### DESCRIPTION OF THE TASK
Transcribe only the lines between the first line of the records and the line containing "SCHLAGE RESIDENTIAL F40ACC716CAM", inclusive, exactly as written.

Stored records:
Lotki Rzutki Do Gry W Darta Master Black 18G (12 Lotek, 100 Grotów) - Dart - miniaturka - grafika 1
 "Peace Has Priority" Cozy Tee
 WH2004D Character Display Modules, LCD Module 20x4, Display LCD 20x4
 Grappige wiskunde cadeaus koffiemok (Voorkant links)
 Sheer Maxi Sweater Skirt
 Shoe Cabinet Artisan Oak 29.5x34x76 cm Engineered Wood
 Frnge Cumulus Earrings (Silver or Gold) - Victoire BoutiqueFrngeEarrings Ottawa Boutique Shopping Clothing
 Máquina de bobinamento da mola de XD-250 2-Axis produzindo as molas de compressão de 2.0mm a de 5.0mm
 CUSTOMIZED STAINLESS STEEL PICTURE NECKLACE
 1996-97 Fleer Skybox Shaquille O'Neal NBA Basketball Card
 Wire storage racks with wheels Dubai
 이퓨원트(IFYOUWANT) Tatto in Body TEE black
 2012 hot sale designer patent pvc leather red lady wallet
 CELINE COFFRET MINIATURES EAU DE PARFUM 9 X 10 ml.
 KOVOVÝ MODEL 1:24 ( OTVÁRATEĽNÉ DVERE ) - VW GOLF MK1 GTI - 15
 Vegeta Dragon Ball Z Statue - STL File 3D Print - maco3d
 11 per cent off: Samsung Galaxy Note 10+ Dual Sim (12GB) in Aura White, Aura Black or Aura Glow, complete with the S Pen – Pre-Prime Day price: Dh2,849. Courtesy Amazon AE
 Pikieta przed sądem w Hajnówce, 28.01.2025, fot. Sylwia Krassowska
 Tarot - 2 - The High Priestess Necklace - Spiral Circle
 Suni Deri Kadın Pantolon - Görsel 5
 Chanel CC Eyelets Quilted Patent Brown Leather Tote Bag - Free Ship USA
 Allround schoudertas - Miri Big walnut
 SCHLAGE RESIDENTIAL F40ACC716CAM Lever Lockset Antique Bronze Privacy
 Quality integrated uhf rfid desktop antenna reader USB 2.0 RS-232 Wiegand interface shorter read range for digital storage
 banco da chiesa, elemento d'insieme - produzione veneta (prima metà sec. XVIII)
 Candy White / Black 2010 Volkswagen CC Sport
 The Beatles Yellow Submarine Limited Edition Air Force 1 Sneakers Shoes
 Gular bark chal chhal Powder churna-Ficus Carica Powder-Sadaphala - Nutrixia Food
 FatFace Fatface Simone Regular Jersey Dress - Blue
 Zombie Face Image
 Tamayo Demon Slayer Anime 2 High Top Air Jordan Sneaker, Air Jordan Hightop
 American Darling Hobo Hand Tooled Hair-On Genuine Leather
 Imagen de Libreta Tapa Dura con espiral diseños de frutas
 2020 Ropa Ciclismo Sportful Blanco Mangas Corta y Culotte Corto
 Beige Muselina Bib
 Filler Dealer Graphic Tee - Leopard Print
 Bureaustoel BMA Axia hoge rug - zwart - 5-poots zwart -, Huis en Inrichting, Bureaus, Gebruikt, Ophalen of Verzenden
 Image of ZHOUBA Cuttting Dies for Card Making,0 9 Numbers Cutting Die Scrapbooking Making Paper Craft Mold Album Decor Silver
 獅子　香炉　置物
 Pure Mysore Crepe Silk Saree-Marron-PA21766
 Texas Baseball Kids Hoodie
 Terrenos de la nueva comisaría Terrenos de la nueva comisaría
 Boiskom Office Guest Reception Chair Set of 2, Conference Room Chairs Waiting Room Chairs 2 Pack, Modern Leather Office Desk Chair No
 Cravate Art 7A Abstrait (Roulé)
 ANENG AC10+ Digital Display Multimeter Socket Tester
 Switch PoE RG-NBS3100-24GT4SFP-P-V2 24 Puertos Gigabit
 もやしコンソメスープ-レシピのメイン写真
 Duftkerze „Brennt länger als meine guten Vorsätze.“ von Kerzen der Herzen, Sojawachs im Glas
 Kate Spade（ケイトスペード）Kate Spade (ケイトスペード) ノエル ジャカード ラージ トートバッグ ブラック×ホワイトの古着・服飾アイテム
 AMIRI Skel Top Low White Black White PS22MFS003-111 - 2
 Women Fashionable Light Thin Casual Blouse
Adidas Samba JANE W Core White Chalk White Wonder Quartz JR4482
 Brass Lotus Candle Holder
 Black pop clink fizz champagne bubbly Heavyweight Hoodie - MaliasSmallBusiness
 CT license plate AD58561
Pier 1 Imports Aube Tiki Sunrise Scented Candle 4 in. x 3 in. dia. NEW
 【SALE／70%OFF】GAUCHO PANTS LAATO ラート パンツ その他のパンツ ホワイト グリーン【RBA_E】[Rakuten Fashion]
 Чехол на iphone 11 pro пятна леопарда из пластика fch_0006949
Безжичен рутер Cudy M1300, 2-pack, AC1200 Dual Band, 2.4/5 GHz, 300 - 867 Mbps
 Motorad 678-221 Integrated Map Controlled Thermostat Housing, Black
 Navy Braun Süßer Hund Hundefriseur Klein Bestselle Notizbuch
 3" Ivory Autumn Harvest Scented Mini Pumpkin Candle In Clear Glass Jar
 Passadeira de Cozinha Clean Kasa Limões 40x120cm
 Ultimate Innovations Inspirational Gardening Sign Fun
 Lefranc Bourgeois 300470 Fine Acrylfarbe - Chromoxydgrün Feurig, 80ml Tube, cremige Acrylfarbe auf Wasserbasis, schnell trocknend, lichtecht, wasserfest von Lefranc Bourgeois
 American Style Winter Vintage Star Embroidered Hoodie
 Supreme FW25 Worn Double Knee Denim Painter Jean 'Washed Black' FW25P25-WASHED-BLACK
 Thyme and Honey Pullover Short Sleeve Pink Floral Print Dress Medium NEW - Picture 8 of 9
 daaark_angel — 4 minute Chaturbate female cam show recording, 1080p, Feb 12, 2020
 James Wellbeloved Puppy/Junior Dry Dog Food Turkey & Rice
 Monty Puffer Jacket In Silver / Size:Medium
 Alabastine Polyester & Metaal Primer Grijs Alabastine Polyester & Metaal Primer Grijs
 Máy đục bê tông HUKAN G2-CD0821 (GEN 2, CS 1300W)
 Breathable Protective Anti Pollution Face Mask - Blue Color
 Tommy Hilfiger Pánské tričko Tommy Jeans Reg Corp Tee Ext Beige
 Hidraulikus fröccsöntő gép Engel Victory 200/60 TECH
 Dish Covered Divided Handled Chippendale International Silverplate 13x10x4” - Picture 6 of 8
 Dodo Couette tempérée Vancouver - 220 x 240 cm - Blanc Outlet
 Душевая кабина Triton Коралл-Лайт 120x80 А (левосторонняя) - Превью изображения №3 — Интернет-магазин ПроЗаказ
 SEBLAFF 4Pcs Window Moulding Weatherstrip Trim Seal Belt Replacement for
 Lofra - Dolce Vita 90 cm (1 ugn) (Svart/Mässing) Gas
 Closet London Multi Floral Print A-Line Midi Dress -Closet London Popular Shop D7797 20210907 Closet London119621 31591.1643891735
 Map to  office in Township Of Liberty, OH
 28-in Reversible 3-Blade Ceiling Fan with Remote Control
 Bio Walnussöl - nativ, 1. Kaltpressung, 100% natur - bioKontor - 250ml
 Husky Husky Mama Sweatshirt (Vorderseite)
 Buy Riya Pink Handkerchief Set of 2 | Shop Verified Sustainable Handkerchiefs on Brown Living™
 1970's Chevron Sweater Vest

### SOLUTION FOR THIS TASK
Lotki Rzutki Do Gry W Darta Master Black 18G (12 Lotek, 100 Grotów) - Dart - miniaturka - grafika 1
 "Peace Has Priority" Cozy Tee
 WH2004D Character Display Modules, LCD Module 20x4, Display LCD 20x4
 Grappige wiskunde cadeaus koffiemok (Voorkant links)
 Sheer Maxi Sweater Skirt
 Shoe Cabinet Artisan Oak 29.5x34x76 cm Engineered Wood
 Frnge Cumulus Earrings (Silver or Gold) - Victoire BoutiqueFrngeEarrings Ottawa Boutique Shopping Clothing
 Máquina de bobinamento da mola de XD-250 2-Axis produzindo as molas de compressão de 2.0mm a de 5.0mm
 CUSTOMIZED STAINLESS STEEL PICTURE NECKLACE
 1996-97 Fleer Skybox Shaquille O'Neal NBA Basketball Card
 Wire storage racks with wheels Dubai
 이퓨원트(IFYOUWANT) Tatto in Body TEE black
 2012 hot sale designer patent pvc leather red lady wallet
 CELINE COFFRET MINIATURES EAU DE PARFUM 9 X 10 ml.
 KOVOVÝ MODEL 1:24 ( OTVÁRATEĽNÉ DVERE ) - VW GOLF MK1 GTI - 15
 Vegeta Dragon Ball Z Statue - STL File 3D Print - maco3d
 11 per cent off: Samsung Galaxy Note 10+ Dual Sim (12GB) in Aura White, Aura Black or Aura Glow, complete with the S Pen – Pre-Prime Day price: Dh2,849. Courtesy Amazon AE
 Pikieta przed sądem w Hajnówce, 28.01.2025, fot. Sylwia Krassowska
 Tarot - 2 - The High Priestess Necklace - Spiral Circle
 Suni Deri Kadın Pantolon - Görsel 5
 Chanel CC Eyelets Quilted Patent Brown Leather Tote Bag - Free Ship USA
 Allround schoudertas - Miri Big walnut
 SCHLAGE RESIDENTIAL F40ACC716CAM Lever Lockset Antique Bronze Privacy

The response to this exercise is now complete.